OPECは来年のOPEC産原油の需要は平均で日量2958万バレルになると予想。今年の予想からは日量112万バレル少ない水準となる。
ただOPECは来年の経済と原油需要の見通しは維持し、これまでより楽観的な見方を表明。「米中通商問題の改善、英国の欧州連合(EU)離脱を巡る合意、日本の財政刺激策を巡る兆しが出ているほか、主要新興国の急速な減速も安定化しており、成長見通しは現時点の予測で落ち着く公算がある」とした。
在庫については、先進国で9月に減少したと表明。ただ、OPECが指標とする5年平均をなお2800万バレル上回っているとした。
このほか、原油価格の上昇で米シェールオイルなどOPEC外の生産が増大したと指摘。ただOPEC非加盟国の供給の伸びは来年、日量217万バレルになるとし、従来予想から日量4万バレル引き下げた。

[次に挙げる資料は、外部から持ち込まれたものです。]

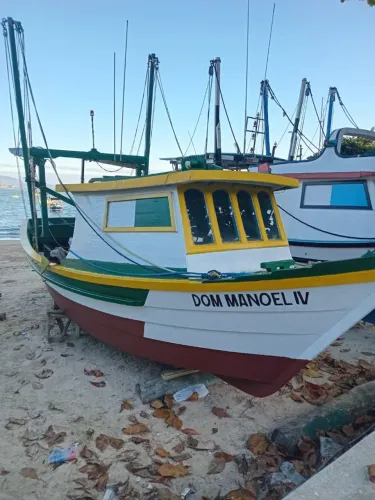 Embarcação pronta para trabalhar 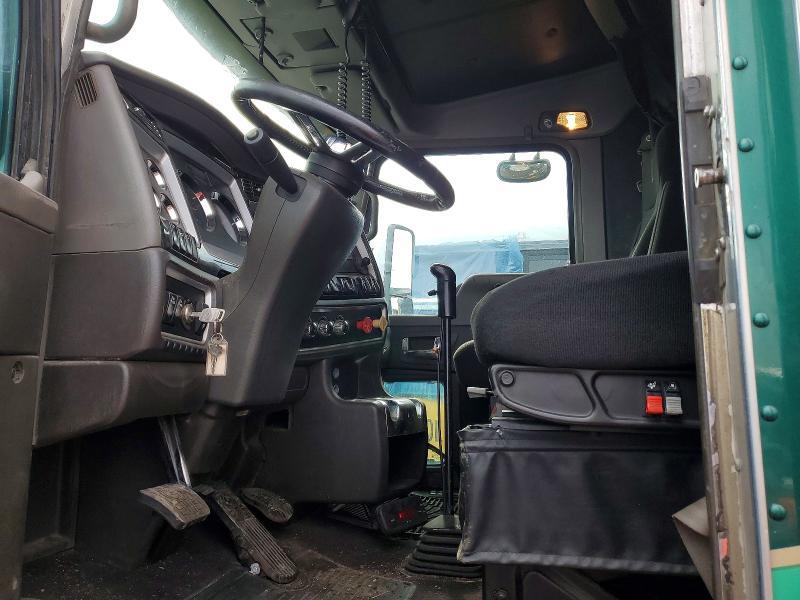 2010 Kenworth T660 Semi Truck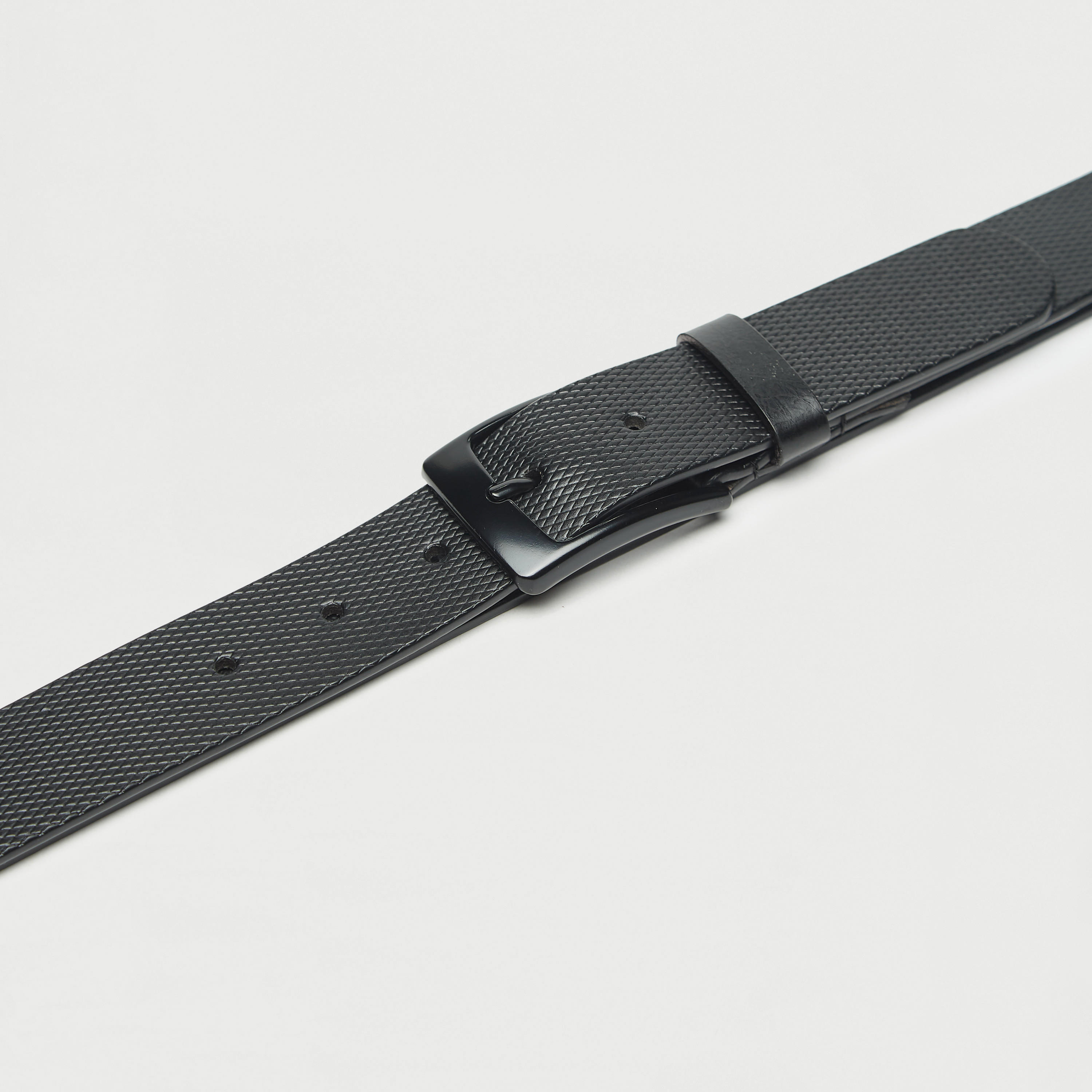 حزام جلد بارز الملمس بإبزيم دبوس-men-beltsandwallets-belts-image-3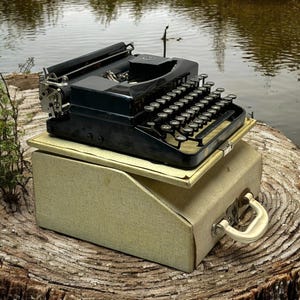 Erika Typewriter with QWERTY Keyboard - Vintage Manual Typewriter | Fully Functional Retro Decor | Perfect Gift for Writers and Collectors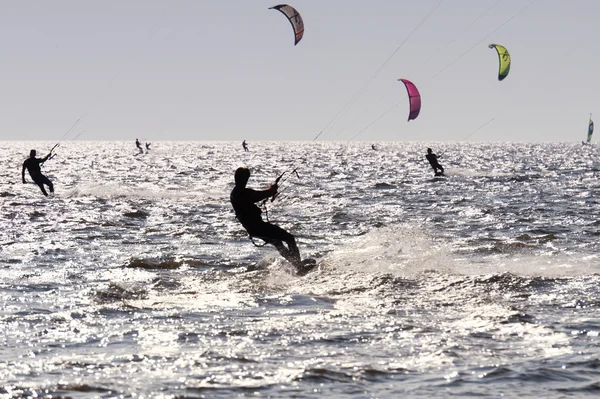 Kitesurfer ザンクト ピーター オルディングで — ストック写真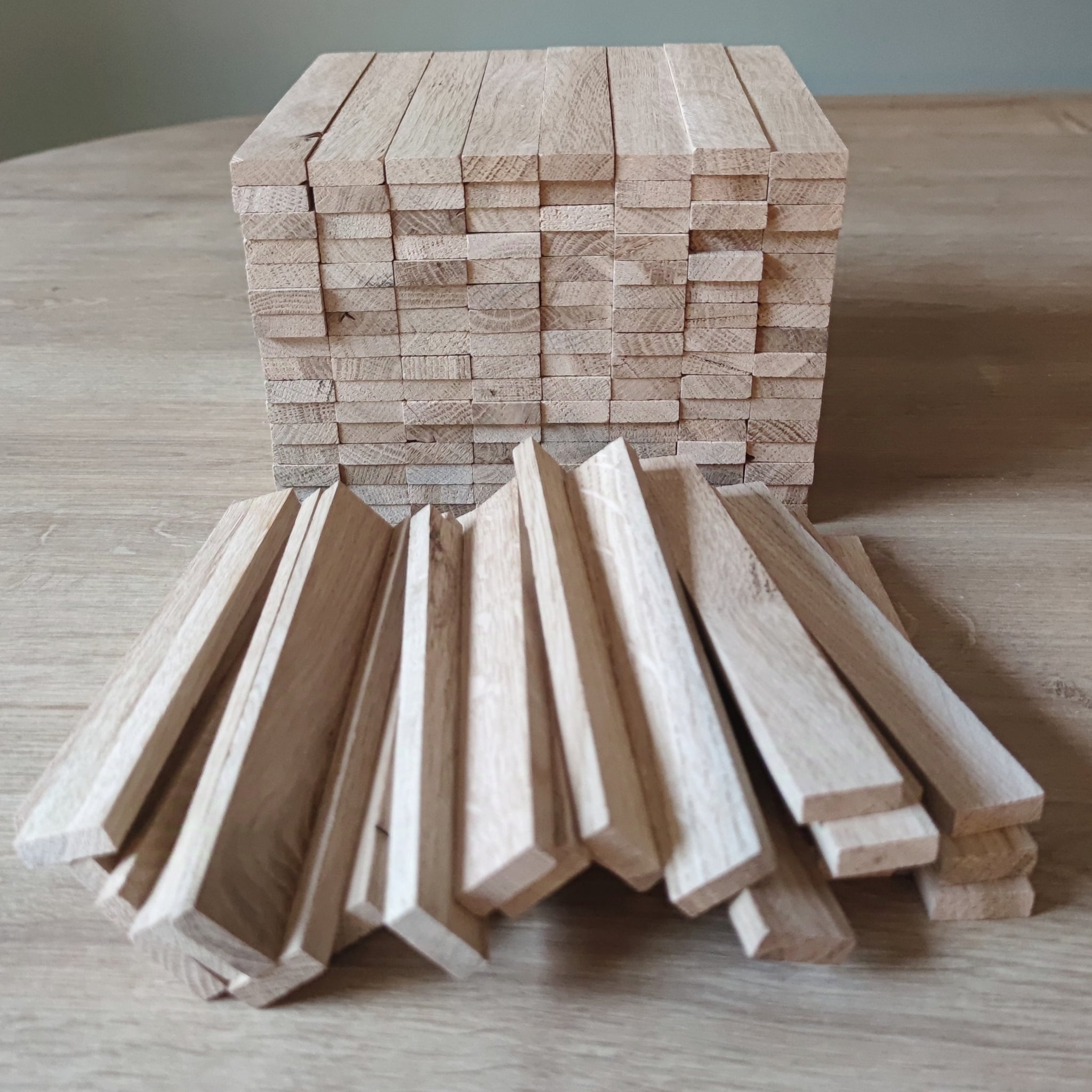 Easy-Sticks Shine von Easy-Sticks - Eiche hell in 16 cm Länge, Anordnung von Holzsticks auf einem Tisch, ideal für kreative Bastelprojekte und DIY-Ideen.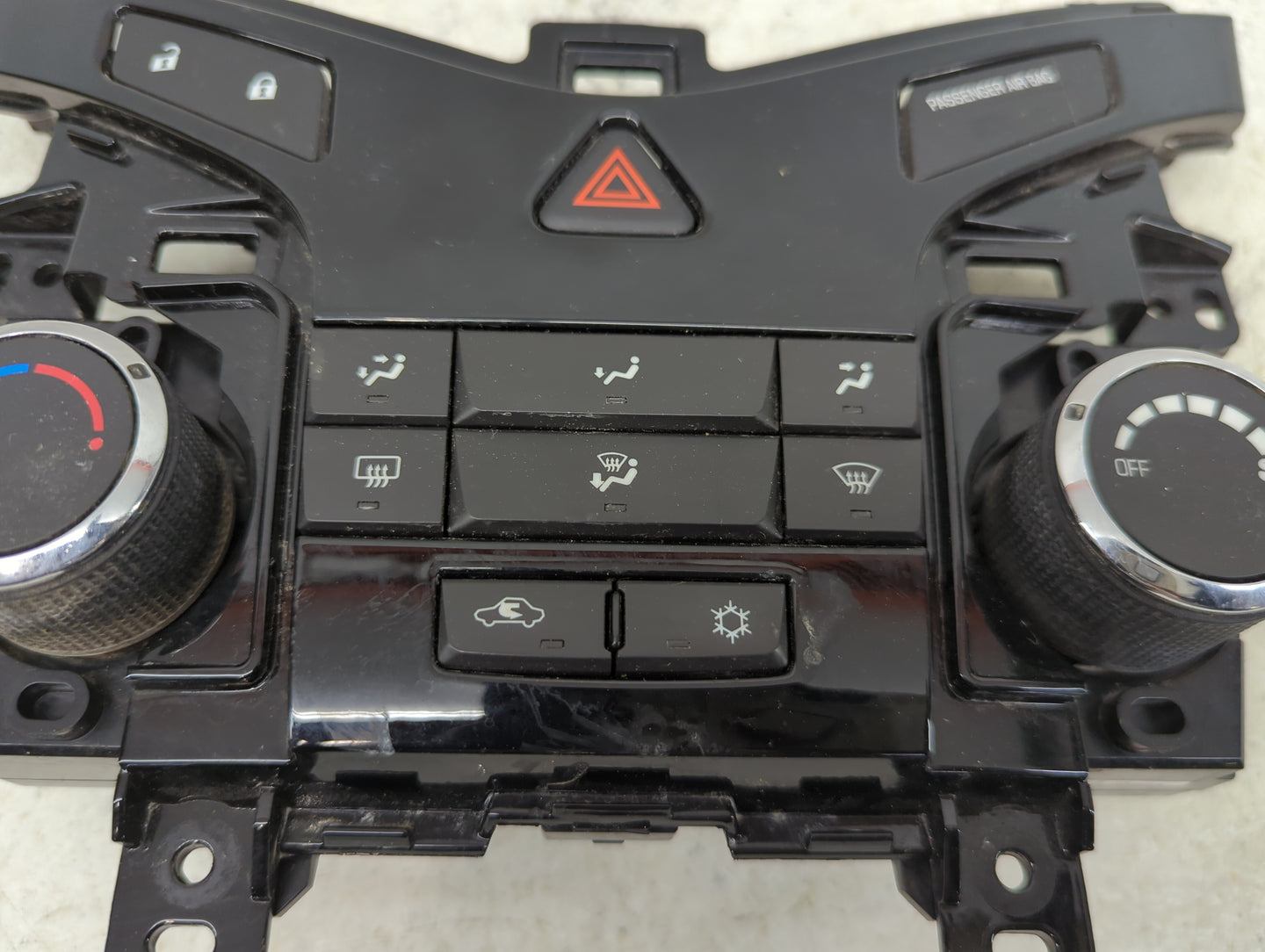 2014 Chevrolet Cruze Climate Control Module Temperature AC/Heater Replacement P/N:95146207 Fits OEM Used Auto Parts - Oemuse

OPECの10月産油量は日量94万3000バレル増の日量2965万バレル。この水準が維持され、その他の条件は一定と仮定すると、来年は日量7万バレルの供給過多が発生する。サウジアラビアの石油施設に対する攻撃発生前の9月の月報では、日量34万バレルの供給過多が発生するとの見方が示されていた。
OPEC月報の公表を受け、北海ブレント先物 (LCOc1)は1バレル=63ドル近辺で安定的に推移。
OPECプラスは今年1月1日から日量120万バレルの協調減産を実施。7月に来年3月まで延長することを決定した。